Двойка Кубков (перевернутая карта)

— Набиваешь рот нашим чёрным рисом и... делаешь из него мёд! Отвратительно! Тебя нельзя допускать до детей! Как ты вообще дорвался до этой работы?

— Безупречный характер, навыки общения, ясный ум, симпатичная внешность, безудержная любовь ко всему, что дышит. А для свойства быть любимым нужно что-то ещё?

— Я не хочу жить несчастьями других! Я должна продвинуться дальше!

— Ты хочешь учиться несчастьями других? Или, может, их несчастьями развлекаться? Чего бы ты ни предприняла — удачи, ведь я позабочусь о том, чтобы все твои старания оказались бессмысленными.

— Я хочу знать о несчастьях других.

— Значит развлекаться. — Невозмутимо заключил шершень.

— Ей восемь лет! — Возмутилась Ляпис.

— А что ей оставалось? С её опекунами мы расправились. Радуйся, что она теперь мотоциклетка, а не попутчица.

— Но я думала, что они хотят навредить...

— Видимо, тебе лучше не думать.

— Зачем ты ужалил циркача?

— Это я свою любовь так показываю, что непонятного?

— Держи эту чёртову любовь при себе! Я полетела за девочкой.

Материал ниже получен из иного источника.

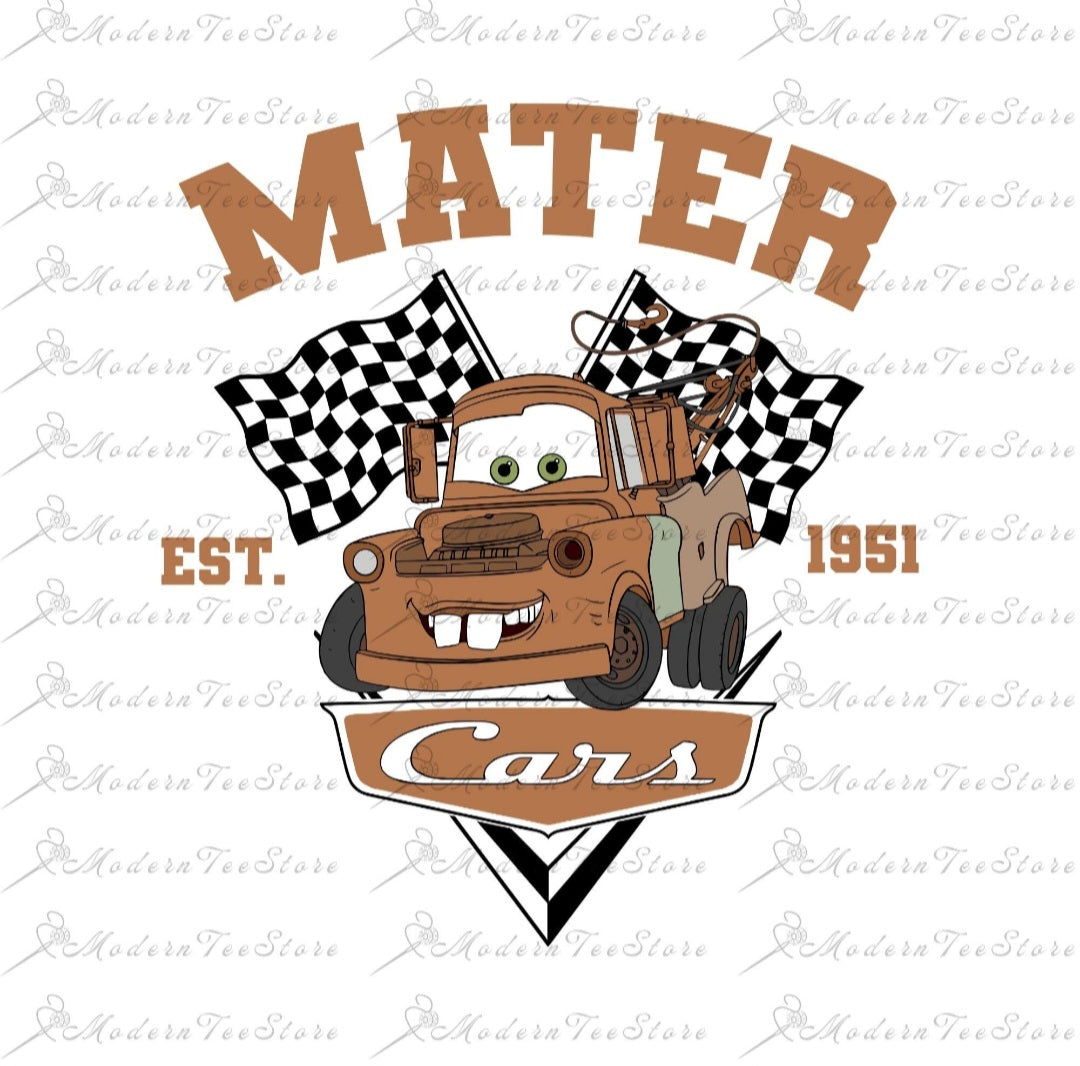 Tow mater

— А смысл? Девочка на шоссе в никуда.

— Что это значит?

— Переходи в зону ожидания, она скоро там появится.

— Какая зона ожидания?

— Айн момент! Сейчас покажу. — Озукот достал кофейный свиток. Он передал его Ляпис, а сам продолжил копать. — Видишь ту часть, которая подписана как «Навь»?

— Что за карту ты мне подсунул? Здесь нет ничего, что совпадало бы с действительностью!

— Всё совпадает. Просто с тех пор, как была поставлена под сомнение подлинность велесовой книги... — Озукот посмотрел на приунывшую драгоценную леди. — Ох, ладно. Тебе в правую часть, девочку ищи там. Ни в коем случае не пытайся ловить её на дороге.

Ляпис поднялась в воздух.

— А я полечу путём наоборот!

— Заняться нечем? Ты никогда не сможешь сойти с дороги! Даже если ты забудешь о ней, она никогда не кончится!

Ляпис вернулась на землю.

— Что же делать?

— Открой пока этот гроб, не издевайся над ребёнком, он итак затих.

Ляпис пробила гнилые доски ногой. Внутри лежал умиротворённый мальчик с механическим соловьём в руках. Свет шершня оживил соловья, и тот запел, а с ним запел и мальчик, смотря на Ляпис немигающими глазами:

«И-го-го — бежит лошадка
По дождинкам в темноте
Вестник с сахарной помадкой
Ищет деток — все не те

И-го-гоп — пристукнул всадник
Жеребца, чтоб не петлял
Ангела на ёлке в праздник
Держит линчева петля»

— Ну-ка, малыш, отдай мне эту птичку. — В тоне шершня было нечто ультимативное.

Ляпис показалось, что это чересчур.

— Зачем отбирать у ребёнка его последнюю игрушку?

— Не лезь. — Прервал её шершень. — Птицу. Мне. Живо!

Лицо мальчика стало испуганным, он замотал головой и жалобно посмотрел на Лазурит.

— Оставь его! — Взмолился самоцвет.

Шершень с рёвом вонзился в детскую шею. Мешать ему было поздно, и Ляпис поднялась. Вокруг из воды были только её крылья, но их не хватало, чтобы смыть отвратительное насекомое в ту преисподнюю, откуда оно явилось. Из могилы вылетел с невозможной скоростью механический соловей, а за ним пустился в погоню детоубийца. Ляпис успела смекнуть, насколько значим был соловей, если Озукот отвлёкся от своих обязанностей. Она понимала, что такую скорость не разовьёт никогда, и просто закопала несчастного мальчика, которому подарили надежду, а потом отняли жизнь.

Скоро вернулся Озукот. Он приземлился, деловито схватил Ляпис, поднёс её к могиле пропащей девочки, забрался внутрь, развернулся и вытянул крючковатые лапки. Ляпис сделала два шага в сторону. Озукот выбрался из ямы, снова схватил Ляпис, подтащил её к яме, поставил на землю, забрался в яму, протянул ручонки, но та  просто взлетела, и была готова к погоне, в которой, конечно же, проиграла бы. Шершень остался внизу.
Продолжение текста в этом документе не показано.